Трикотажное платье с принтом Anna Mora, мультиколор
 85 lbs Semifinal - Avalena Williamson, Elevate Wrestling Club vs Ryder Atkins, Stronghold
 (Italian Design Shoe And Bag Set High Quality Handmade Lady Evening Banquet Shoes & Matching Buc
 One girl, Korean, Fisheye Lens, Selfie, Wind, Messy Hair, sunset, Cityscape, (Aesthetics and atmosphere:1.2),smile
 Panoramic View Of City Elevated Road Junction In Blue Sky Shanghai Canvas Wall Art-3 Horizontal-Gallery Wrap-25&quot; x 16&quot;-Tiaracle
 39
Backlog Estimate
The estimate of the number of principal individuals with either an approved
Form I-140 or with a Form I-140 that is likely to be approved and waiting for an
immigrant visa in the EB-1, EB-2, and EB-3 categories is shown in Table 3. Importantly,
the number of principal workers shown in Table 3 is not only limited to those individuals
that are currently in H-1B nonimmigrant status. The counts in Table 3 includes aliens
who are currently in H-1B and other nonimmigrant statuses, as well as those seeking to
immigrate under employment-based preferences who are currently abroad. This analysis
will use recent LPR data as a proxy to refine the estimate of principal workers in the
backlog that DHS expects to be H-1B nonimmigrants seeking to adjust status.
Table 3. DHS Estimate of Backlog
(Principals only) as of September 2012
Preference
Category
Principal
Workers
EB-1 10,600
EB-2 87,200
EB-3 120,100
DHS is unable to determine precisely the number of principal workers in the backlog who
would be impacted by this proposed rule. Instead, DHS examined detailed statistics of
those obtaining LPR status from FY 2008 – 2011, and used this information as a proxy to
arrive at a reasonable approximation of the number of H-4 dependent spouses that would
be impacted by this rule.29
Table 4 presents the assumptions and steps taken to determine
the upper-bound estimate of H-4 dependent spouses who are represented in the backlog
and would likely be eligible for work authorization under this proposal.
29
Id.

> **TASK REQUIREMENTS**
Find the word "determine" in the records. Copy every line it appears in.

> **ANSWER BELOW**
DHS is unable to determine precisely the number of principal workers in the backlog who
Table 4 presents the assumptions and steps taken to determine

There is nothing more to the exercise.